Wanna help edit Calvin and Hobbes transcripts?

I talked a bit in my Calvin and Markov post this morning about the C&H transcripts I’m using to power the Markov chain process, and about how much work it’s likely to be to edit the whole thing. Probably 25-30 hours total.

It’s not difficult stuff—and in fact it’s not a terrible excuse to reread some C&H as you go, if you want to go less than warp-speed—so if you’re interested in helping out, drop me a line in the comments here or via email or @joshmillard on twitter and I can hook you up with a specific chunk of transcript so we avoid any accidental duplication of effort.
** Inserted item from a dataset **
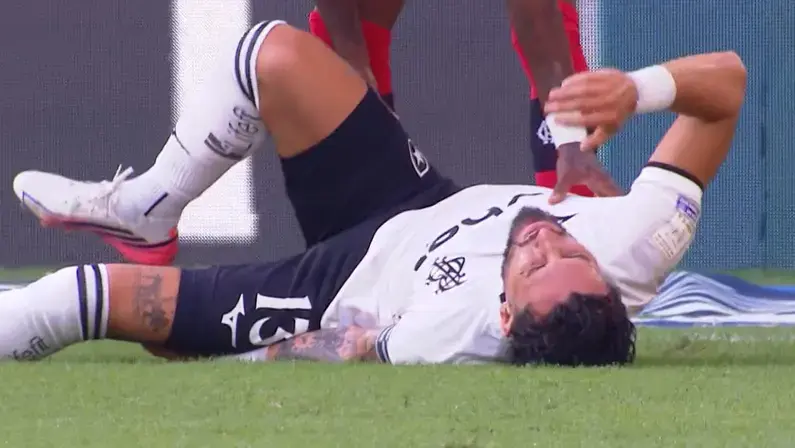 Flamengo x Botafogo: Alex Telles sente problema na coxa esquerda e é substituído logo no começo
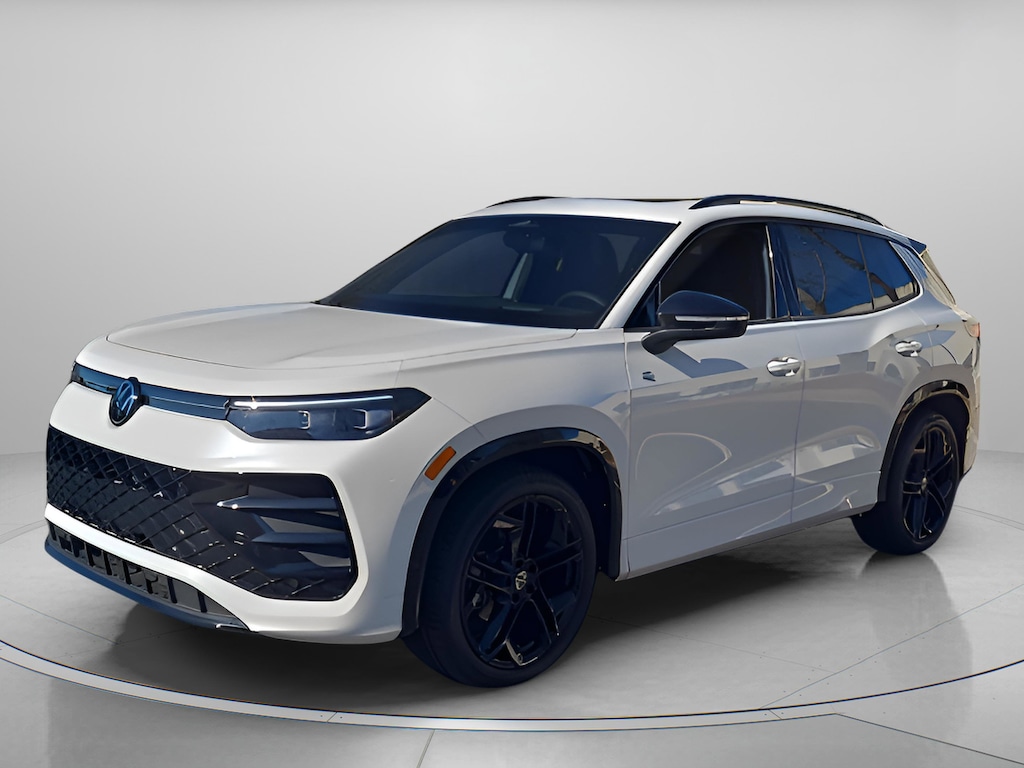 New 2026 Volkswagen Tiguan 2.0T SE R-Line Black SUV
I’ll talk a little more about the approach I’ve been taking to it, to give a clear idea of the small handful of details involved in the markup process. As I said in the other post, the situation is that transcripts of every strip do already exist, which is great, but they aren’t broken down by character or panel at all. It’s just one string of words run together per strip.

So the project is to, for e.g. this Christmas Day strip from 1986:

C&H 19861225

Turn each line in the existing transcript, like this:

19861225 Psst! Are you awake? Is it Christmas? It is! It is! Let's go wake Mom and Dad and open all our loot! Since it's Christmas maybe we should let them sleep a little. That's long enough! Wake up! Wake up! It's Christmas!! Quarter to 6. He let us sleep in this year.
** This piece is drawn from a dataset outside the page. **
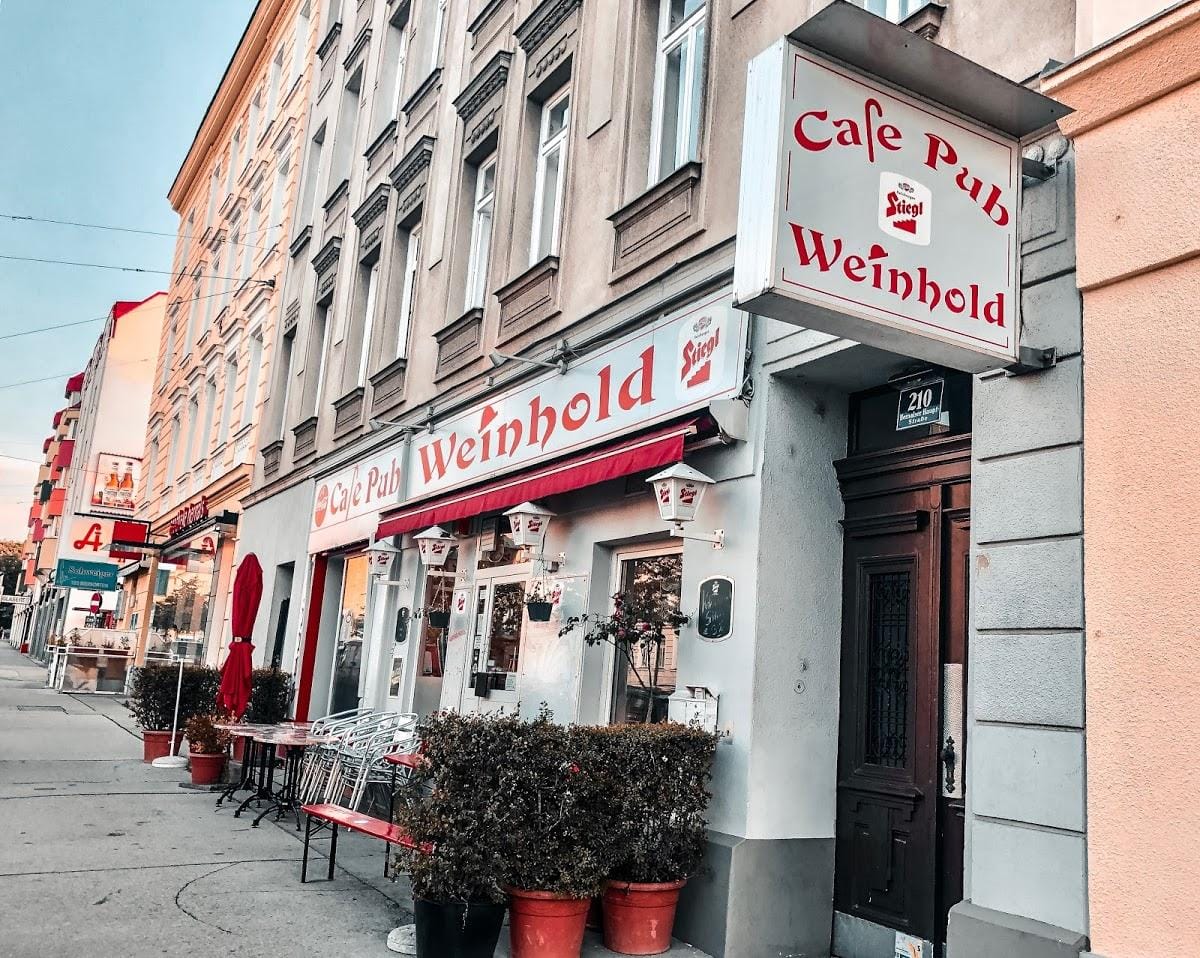 Cafe Pub Weinhold photo 2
Into a set of lines like this:

C: Psst! Are you awake?
H: Is it Christmas? It is! It is!
C: Let's go wake Mom and Dad and open all our loot!
H: Since it's Christmas maybe we should let them sleep a little.
C: That's long enough! Wake up! Wake up! It's Christmas!!
D: Quarter to 6. He let us sleep in this year.

That’s the whole idea in a nutshell: each line labeled with character code, colon, space; a new line for each balloon.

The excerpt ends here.